Weardrobe
- Website type: Street fashion community
- Available in: English
- Owner: Like.com
- Creators: Suzanne Xie and Rich Tong
- Website: www.weardrobe.com
- Launched: January 2008
- Current status: Online

= Weardrobe =

Street fashion website

Weardrobe is an online street fashion community for both novice and established bloggers that allows members to share their outfits and comment on others' photographs.

==History==
The concept originated in September 2004, when Weardrobe co-founders Suzanne Xie Rich Tong realized that there were no online applications available to organize clothing. To address the issue, their discussions led to the concept for Weardrobe, and the website officially went online in January 2008.

In 2009, Weardrobe was named one of 20 winners of Facebook's fbFund Competition for startups and nonprofit companies, and invited to participate in Facebook's Summer Incubator Program in Palo Alto, California. There, Xie and Tong worked on integrating Facebook Connect with the online fashion network expanding the feature set to Facebook-connected users through friend activity tracking.

In 2012, the founders entered a partnership with Urban Outfitters, where select styles would be sent to users who would then post their created outfit on the Weardrobe site.

On November 18, 2009, the community was acquired by Like.com. Subsequently, Like.com was acquired by Google on August 20, 2010 for a rumored price of $100,000.

==Features==
Weardrobe provides members with the opportunity to create their own user profiles and post photographs of themselves. Members can create and view a virtual representation of their real-life closet by manually tagging clothing in the images uploaded to the site.

=== Likesense ===
Likesense is an automated feature that was introduced by Weardrobe. This feature identifies clothing items in a given photograph, finds similarities in Weardrobes database, and then displays likely matches to the user. Likesense first displays two items and if one of the two is clicked, further variations on that piece of clothing are shown. Currently, this process is only displayed on the front page. However, this will expand to the entire site.

==Community==
On occasion, the site sponsors contests in which members submit photographs of outfits based on given themes. Sometimes, Weardrobe pairs up with other fashion-related sites such as Modcloth and Market Publique to offer discounted prizes. Weardrobe's collaboration with Modcloth, the Mod Honor Roll Contest, asked for members' favorite back-to-school inspired outfits; the prize for the top three submissions included a special Modcloth outfit that the bloggers then styled and modeled. Their collaboration with Market Publique, Time After Time, asked for vintage-inspired outfit entries and the winner was flown into Brooklyn for a photo shoot session with Market Publique. Modcloth also held another competition in which they supplied the New York City Weardrobe community with a vintage black Modcloth dress (called the "Weardrobe Dress") and asked the members to come up with ways to style it. The dress was a simple black garment and contestants submitted photos of how they would style an outfit around that piece. In its collaboration with other fashion-focused sites, Weardrobe provides a platform where people interested in fashion can come together and demonstrate their creativity and knowledge. It also provides an outlet for fashion-related sites to show off their clothing items to a specified online niche with similar interests.

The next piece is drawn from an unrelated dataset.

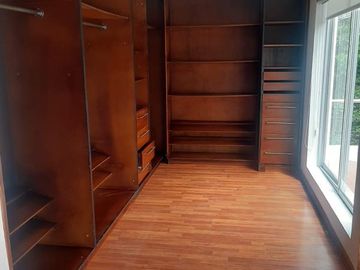 CASA EN VENTA 3 DORMITORIOS URB PRIVADA EN CUMBAYA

===Weardrobe Conference===
In early September 2009, Weardrobe sponsored a conference in New York City for 19 popular fashion bloggers. There, the bloggers participated in a DIY (Do It Yourself) exercise in customizing a pair of Solana Extreme Skinny Jeans. The conference was meant to create a space for some of the fashion industry's most active style bloggers to collaborate and exchange ideas about fashion.

===Notable Members===

Weardrobe has previously been known to hire staff from among their notable members, including Krystal Bick from This Time Tomorrow, who acted as the site's community manager, and Jessica Quirk of the blog What I Wore, who served as community director and also did some creative work, including writing and illustrating weekly contest images.

==Similar Websites==
There are other sites with similar features and goals to Weardrobe, such as Closet Couture. Weardrobe contributors are sometimes also contributors on Chictopia or Lookbook. The two communities, like Weardrobe, offer "the common fashionista" the ability to publicly post their looks to an online community of people interested in fashion. The sites also contain photo blogs and competitions for online contributors.